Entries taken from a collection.
● ● ● ● ● ● ●

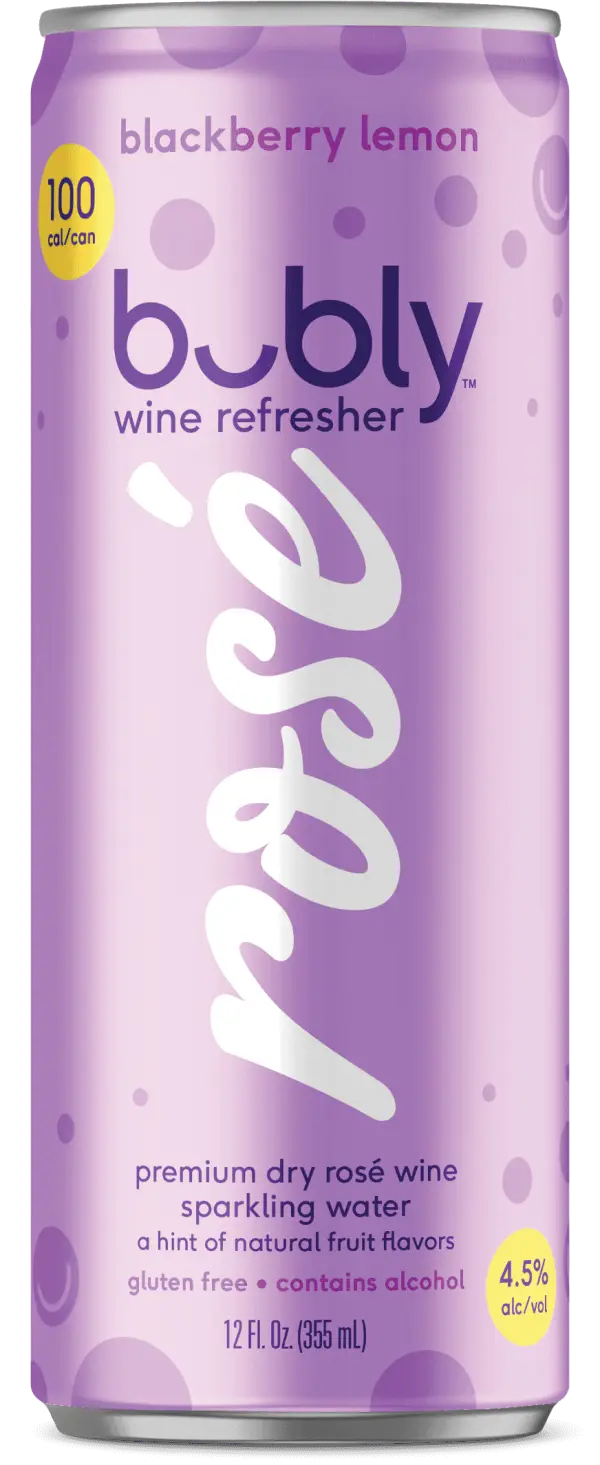 Bubly Blackberry Lemon 355ml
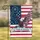 Bald Eagle American Flag 1776-2026 - USA 250 Years of Freedom Independence Day Garden Flag - 1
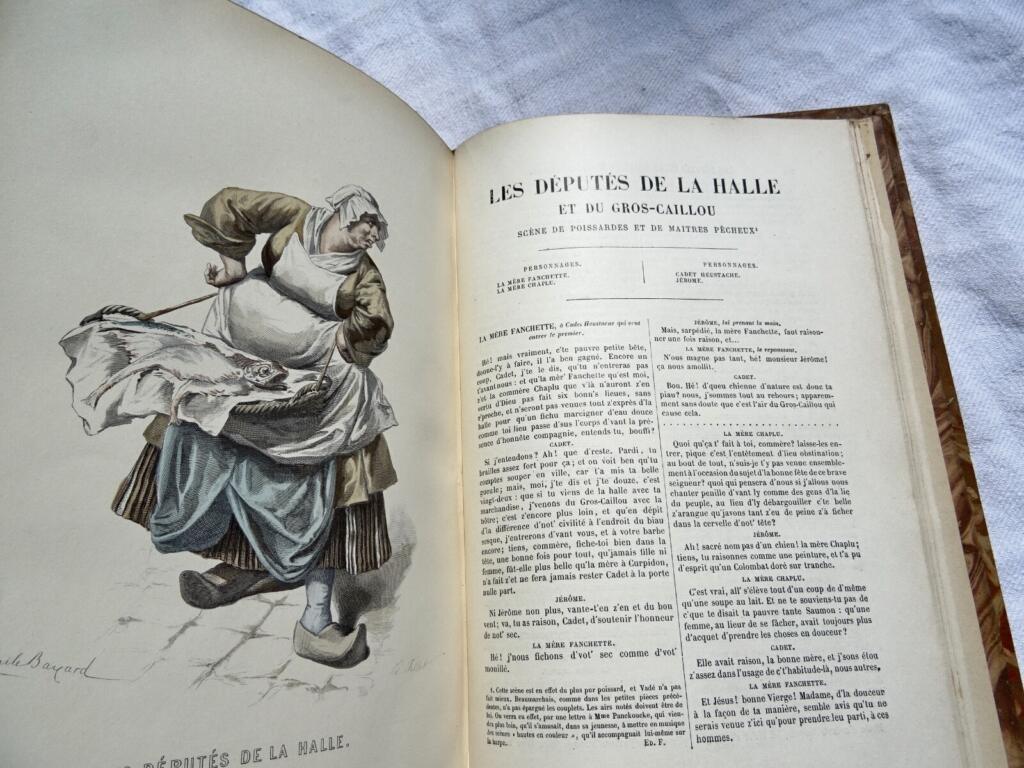 BEAUMARCHAIS illustrations de BAYARD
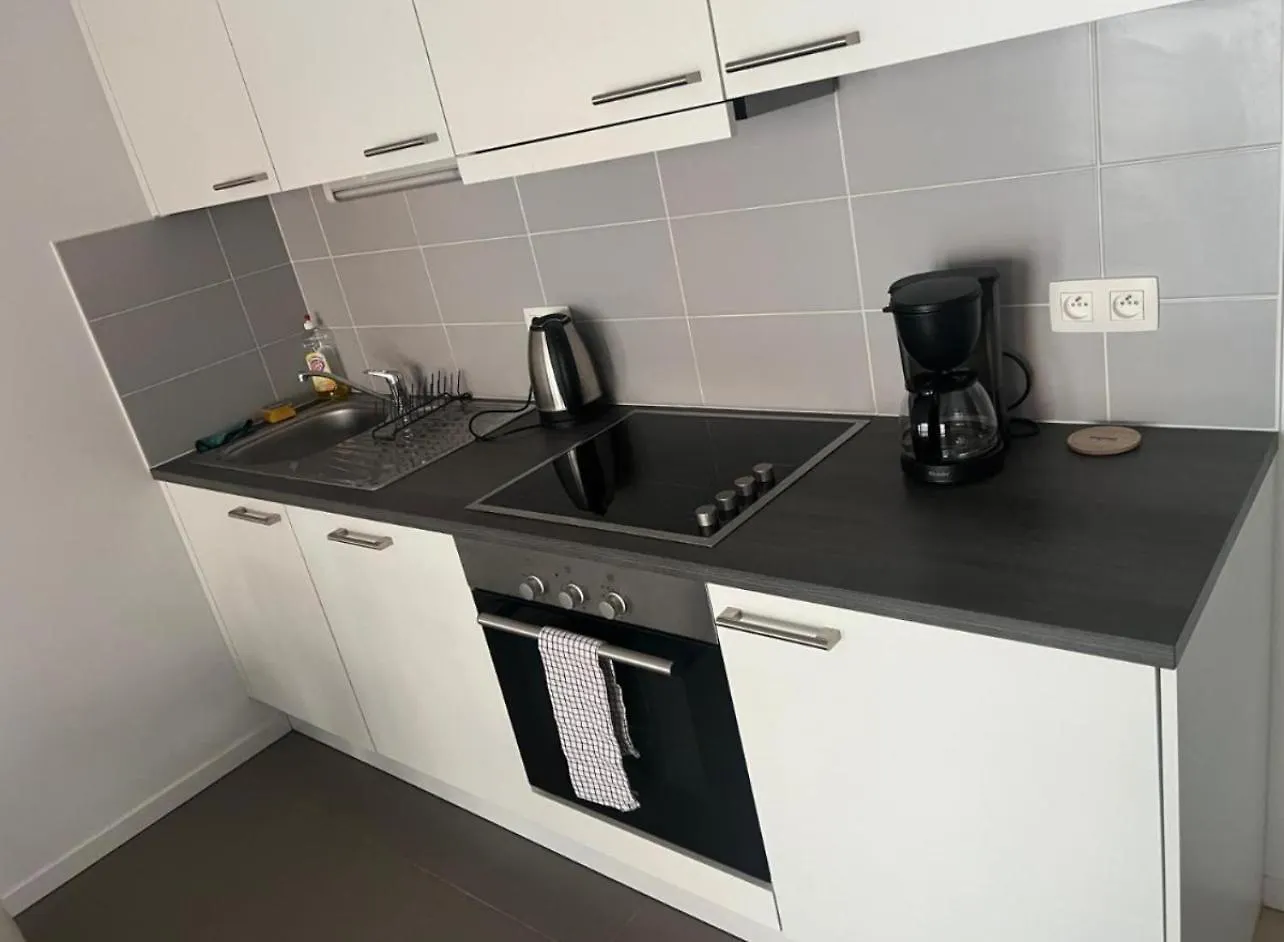 City Commission Europeenne Brüsszel Apartman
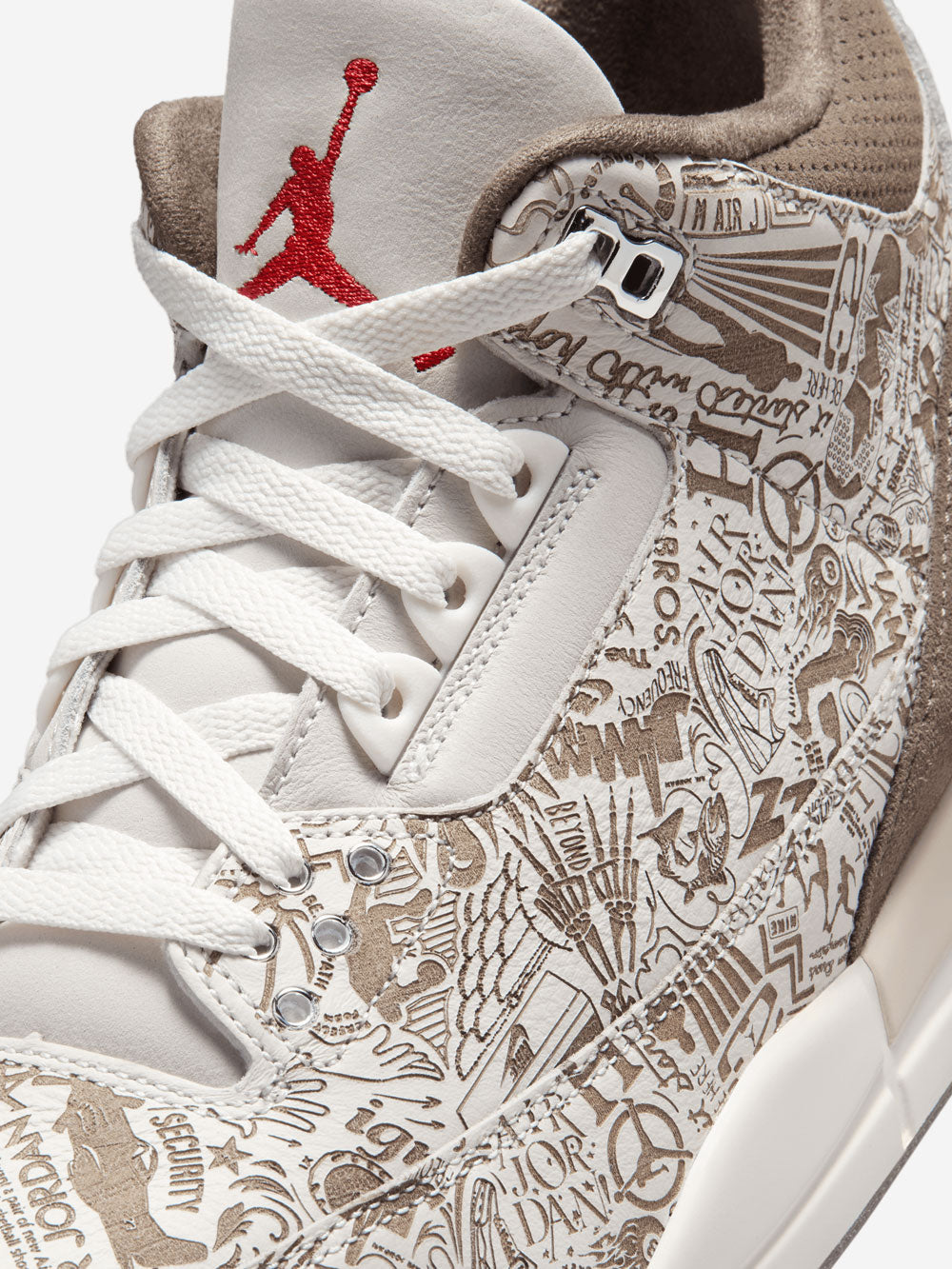 JORDAN Air Jordan 3 Retro 'Laser' Marrone Urbanstaroma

● ● ● ● ● ● ●

AIM OF THE TASK. Find the line containing "Bald Eagle American" in the records above, then copy it and every line after it exactly, through the last one, without any pictures.

SOLUTION TO THIS EXERCISE.
 Bald Eagle American Flag 1776-2026 - USA 250 Years of Freedom Independence Day Garden Flag - 1
 BEAUMARCHAIS illustrations de BAYARD
 City Commission Europeenne Brüsszel Apartman
 JORDAN Air Jordan 3 Retro 'Laser' Marrone Urbanstaroma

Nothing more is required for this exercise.